Eine Infrastruktur, die sich inzwischen
über die ganze Welt erstreckt, läßt sich nicht einfach ändern;
unabhängig davon, was der Einzelne über sein Verhalten verbessern
kann, ist vor allem die Politik gefragt. Doch in diesem Rahmen
beschränkt sich der Schutz vor Lärm vor allem auf dessen Bekämpfung
mittels Schallschutzmaßnahmen - Schallschutzfenster, Lärmschutzwände
-, während die Ursachen kräftig vermehrt werden. Zu nennen wäre da
etwa die dritte Startbahn des Frankfurter Flughafens, der Bau von
immer mehr Flughäfen in der Provinz (zum Glück für die betroffenen
Anwohner selten profitabel), sog. Freihandels-abkommen, die nur dafür
sorgen, daß wir demnächst genau solche Waren, die wir bereits
selbst in übermäßigen Variationen herstellen, zusätzlich noch aus
tausenden Kilometern Entfernung heranschaffen (und umgekehrt).

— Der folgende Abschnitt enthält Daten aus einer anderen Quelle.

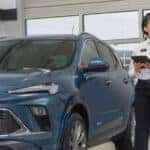 Buick Service Technical talking with customer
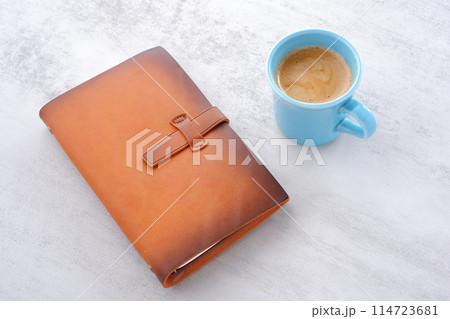 ミルクをたっぷり入れたコーヒーを飲みながら、茶色の革のシステム手帳でデスクワークをしているイメージ 114723681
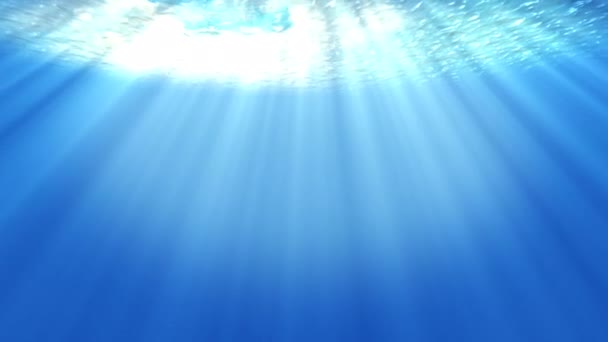 太陽の光の海水中光の美しいベール 海の波が水中を動き 虹の流れ深い澄んだ青い水から輝き 美しい水面の光を反射します — ストック動画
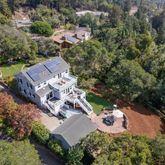 an aerial view of a house with outdoor space and street view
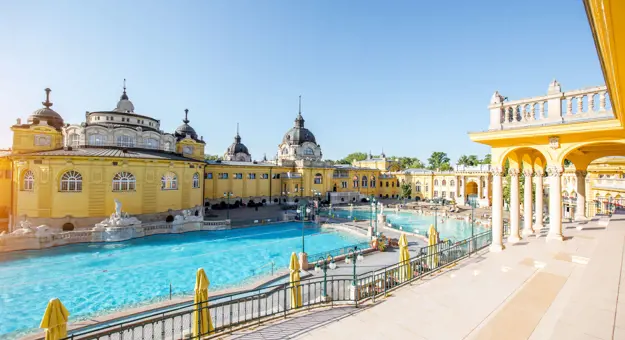 Szechenyi Thermal Baths, showing one large swimming pool and a smaller one to the right. Behind, a yellow building with grey domes and turrets on top.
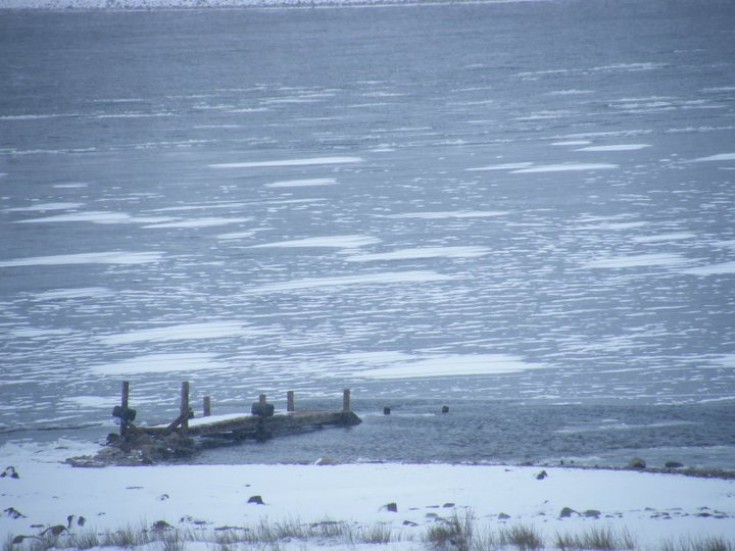 Loch Ericht frozen at Ben Alder pier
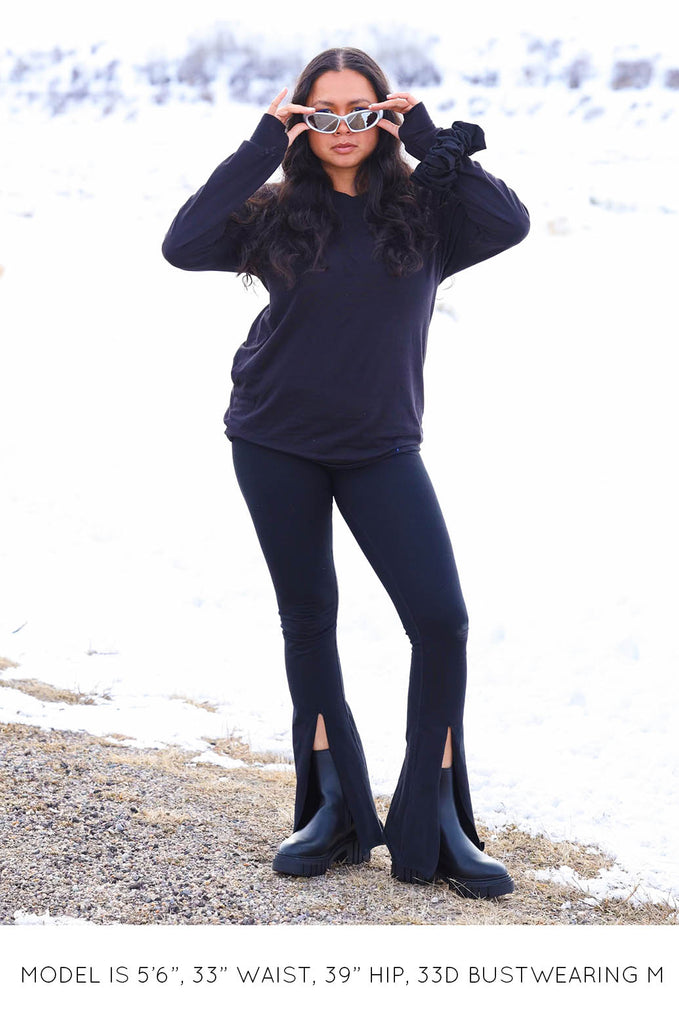 Model with snowy background wearing black Sweater and Split Leggings by Miakoda. 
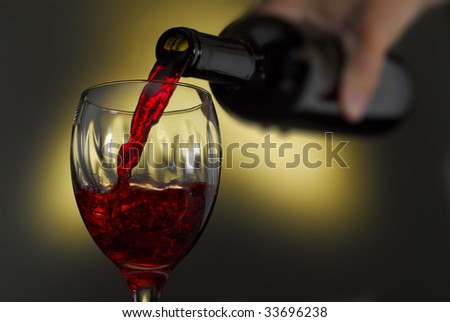 Red wine pouring into a glass, with abstract background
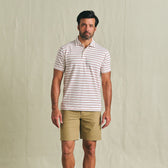 Man facing forward in striped polo and Tom Beckbe Crenshaw Performance Short against plain background, neutral expression.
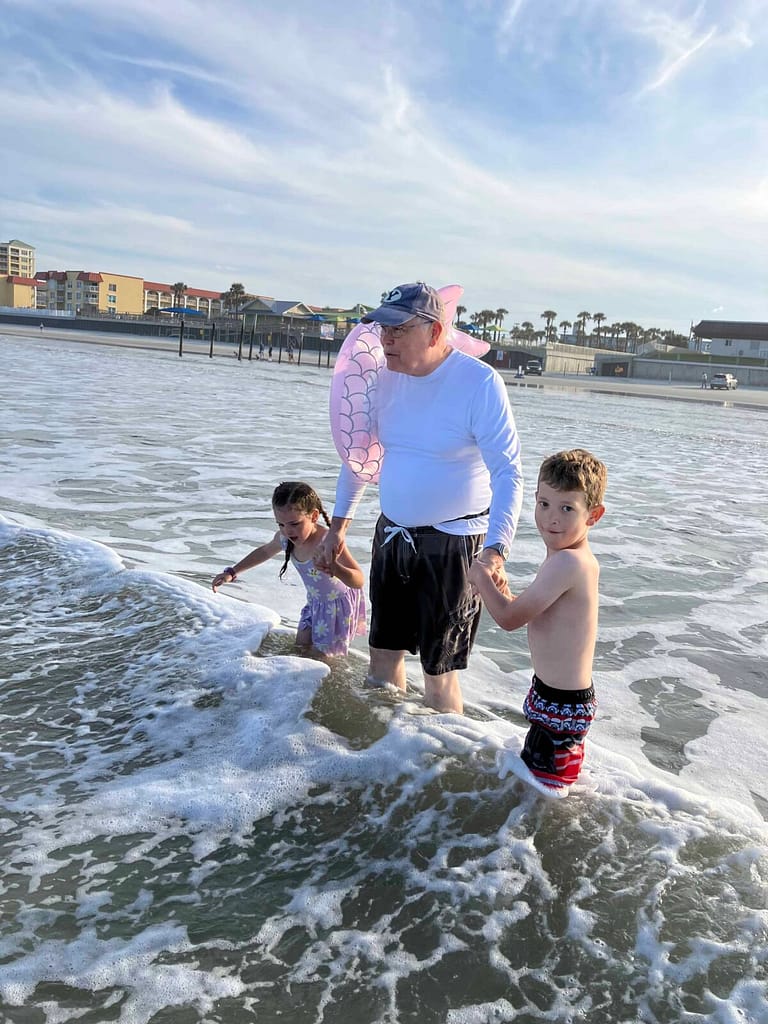 grandpa and 2 kids wading into the water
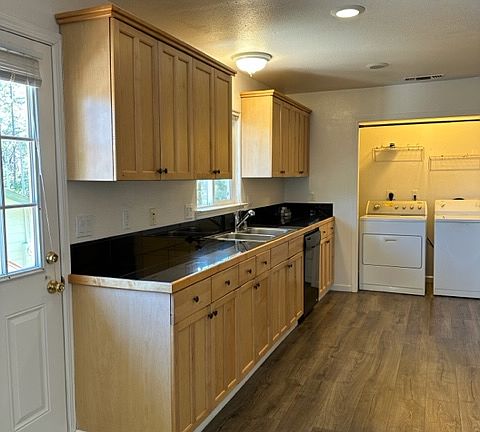 Light and bright kitchen with indoor laundry closet.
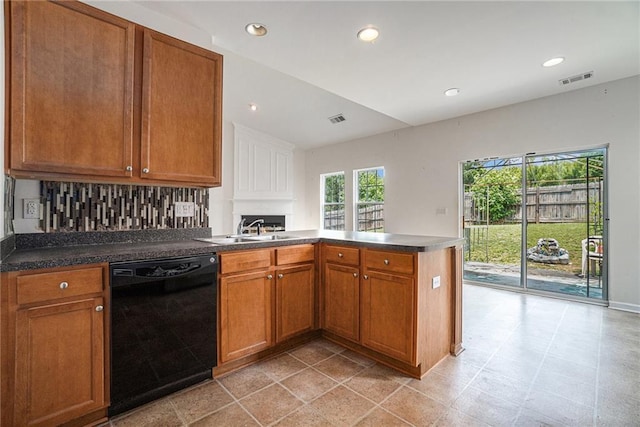 7761 Parkside Dr, Lithia Springs, GA 30122 - kitchen with black dishwasher, a sink, a peninsula, brown cabinetry, and recessed lighting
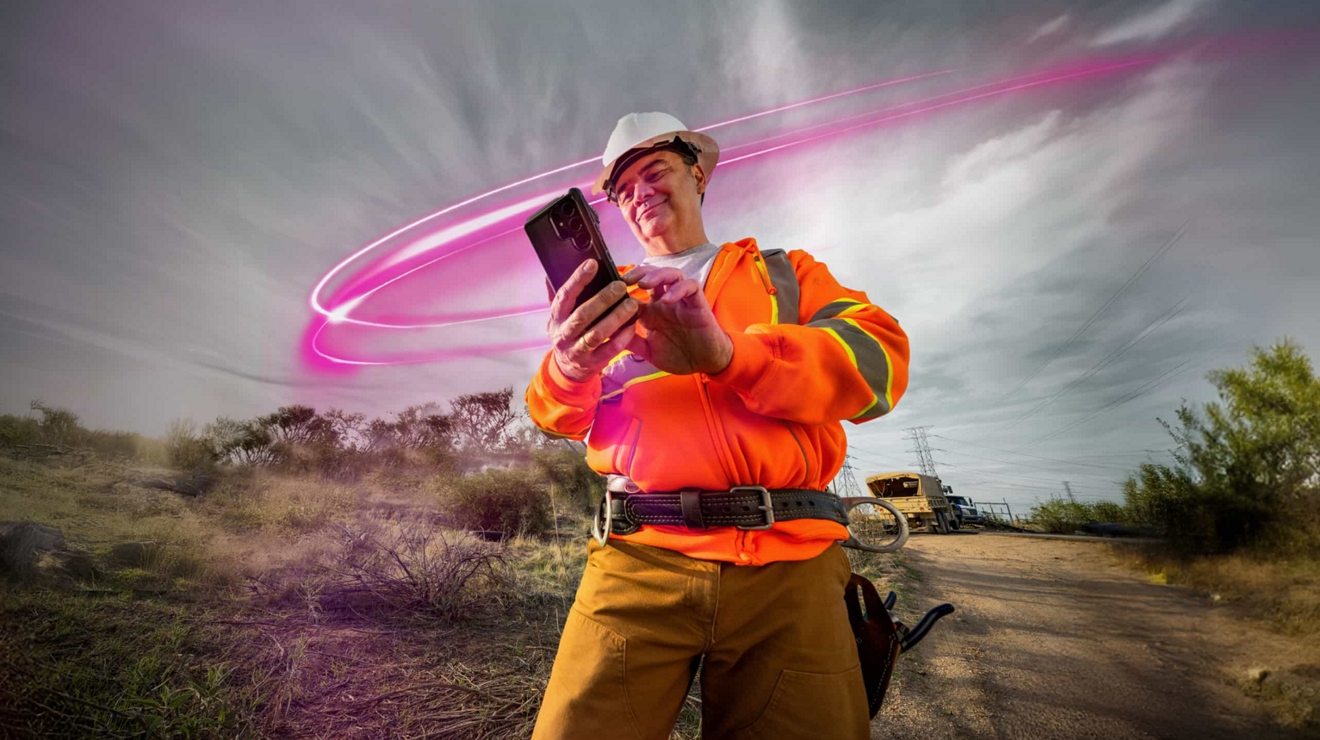 Un especialista en servicios públicos trabajando sobre el terreno utiliza T-Satellite con Starlink para consultar los mensajes de su teléfono móvil.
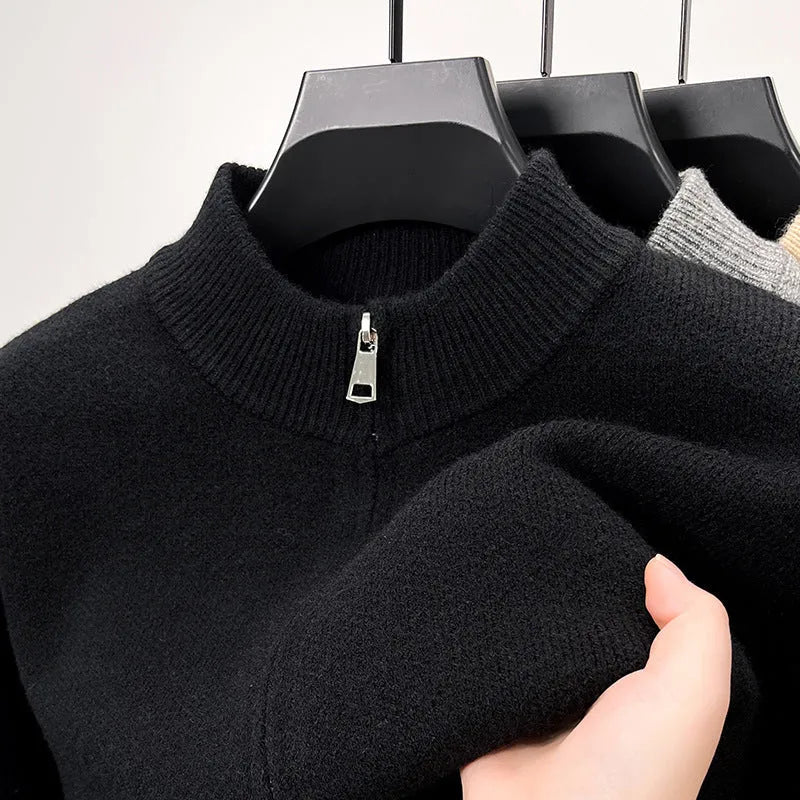 Men's black zip-up knitted cardigan with a stand collar on a hanger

Es gibt viele weitere Lärmquellen:
Rummelplätze etwa mit ihren Verkaufsständen, Glücksspielbuden und
Fahrgeschäften, aber auch öffentliche Feste auf der Straße und in Fußgängerzonen. Überall muß, wie unter Zwang, rhythmisches
Gestampfe aus den Lautsprechern quellen - in einer Lautstärke, daß
man sich nur noch brüllend verständigen kann; von den Vibrationen,
die den eigenen Körper innerlich z.T. unangenehm in Schwingung
versetzen, ganz zu schweigen. Jedes Kinderkarussell auf dem
Weihnachtsmarkt plärrt "Musik" in einer Lautstärke, daß
Kinderohren dabei garantiert zu Schaden kommen. (Eine von 2003-2006
durchgeführte Studie hatte zum Ergebnis, daß bereits jedes achte
Kind im Alter von 8-14 Jahren eine auffällige Minderung der
Hörfähigkeit aufweist - http://www.umweltbundesamt.de/presse/presseinformationen/laerm-belastung-faengt-im-kindesalter-an)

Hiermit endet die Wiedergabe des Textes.